Be realistic. The prize of improved population health is so appealing – and seems to make so much sense – that it is tempting for both funders and Grantees to promise one another more than can be delivered. This is frustrating for both parties, and discourages future efforts. Small wins count, as the HII demonstrated; an accumulation of modest achievements, over time, may be significant.
Use community participation wisely. It sounds good on paper, but engaging community residents in a meaningful way is much more difficult in practice. Be clear about expectations, prepare to be flexible, and revisit the arrangement frequently to make sure everyone’s needs are being met.
It’s not volunteer work. Community-level systems change can and does draw upon the volunteered time of dedicated people who attend meetings and serve on committees, but at its core, the initiative needs paid technical, managerial, and clerical staff.
Expect three phases: planning, implementation, and planning for sustainability. Funders should consider three distinct phases of funding, each with its own set of expectations. Too often, implementation dominates center stage, leaving planning and sustainability in the wings. But without adequate planning, implementation is less likely to succeed; and part of its success is its longevity. Both deserve resources to bracket the important work of implementation.
Support a large, multi-site initiative with a strong center. Multi-site initiatives like the HII tend to operate with centrifugal force, dispersing each site into its own concerns and agendas. A central, coordinating core – like the Support Grantees in the HII – can rein in these forces and stimulate cross-site learning, communication, and standard expectations.
Offer a menu of flexible technical support. Partnerships vary in their initial needs for technical assistance, and in their needs over time. Flexibility in form, focus, and intensity will enhance the usefulness of technical support to Grantees. To be useful from the start, the technical assistance team should be prepared and operational before the Grantees come on board.
Accompany plans to collect and provide local data with strategies to support its utilization. Emphasis should be placed on assessing both the technical capacities and social readiness to gather and apply local area data. It is recommended that funders work with community Grantees before initiatives or programs begin in order to explore how their various views of data use can be combined to help achieve agreed upon outcomes. In addition, resources for technical assistance and support for capacity building related to use of data should be available.
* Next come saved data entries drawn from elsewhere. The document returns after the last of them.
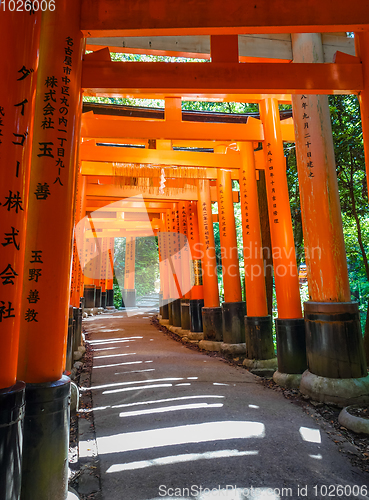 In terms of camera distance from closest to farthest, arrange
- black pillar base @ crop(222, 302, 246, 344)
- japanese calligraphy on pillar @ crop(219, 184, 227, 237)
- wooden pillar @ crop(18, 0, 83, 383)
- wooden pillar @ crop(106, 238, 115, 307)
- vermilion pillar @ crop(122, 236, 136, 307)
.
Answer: wooden pillar @ crop(18, 0, 83, 383) < black pillar base @ crop(222, 302, 246, 344) < japanese calligraphy on pillar @ crop(219, 184, 227, 237) < vermilion pillar @ crop(122, 236, 136, 307) < wooden pillar @ crop(106, 238, 115, 307)

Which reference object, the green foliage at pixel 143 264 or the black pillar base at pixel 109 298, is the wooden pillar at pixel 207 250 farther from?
the green foliage at pixel 143 264

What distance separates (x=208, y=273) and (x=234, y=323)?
1.70m

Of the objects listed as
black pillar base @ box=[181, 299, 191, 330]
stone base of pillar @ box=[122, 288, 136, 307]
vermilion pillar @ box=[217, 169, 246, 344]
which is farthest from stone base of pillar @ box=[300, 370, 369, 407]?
stone base of pillar @ box=[122, 288, 136, 307]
Balance the evaluation trade-offs. These include balancing the rich, deep understanding of communities that comes from a participatory approach with a more quantitative certainty of measurable outcomes. Another trade-off exists between decentralized efforts that build local capacity and centralized ones that maintain comparable data collection and standards.
The HII affected the nine communities in which it took place, not only during the HII’s five-year time frame, but also into the future as the Partnerships sustain their HII activities or transfer them to others. The HII’s impact was felt across the state of California and indeed around the country, as its innovations, lessons, and limitations are discussed. Its conceptual model – the Theory of Action – moved from theory to action, with many lessons learned along the way. Because of the HII’s deliberate emphasis on creating a “learning community,” these lessons will not be lost.
It is our hope that the evaluation will be part of that contribution, documenting and communicating the HII’s unique topography for those who seek to follow in its footsteps, or perhaps develop their own pathways.
1 Evans RG and Stoddard GL. Producing Health, Consuming Healthcare. Soc Sci Med, 31:1347-1363, 1990.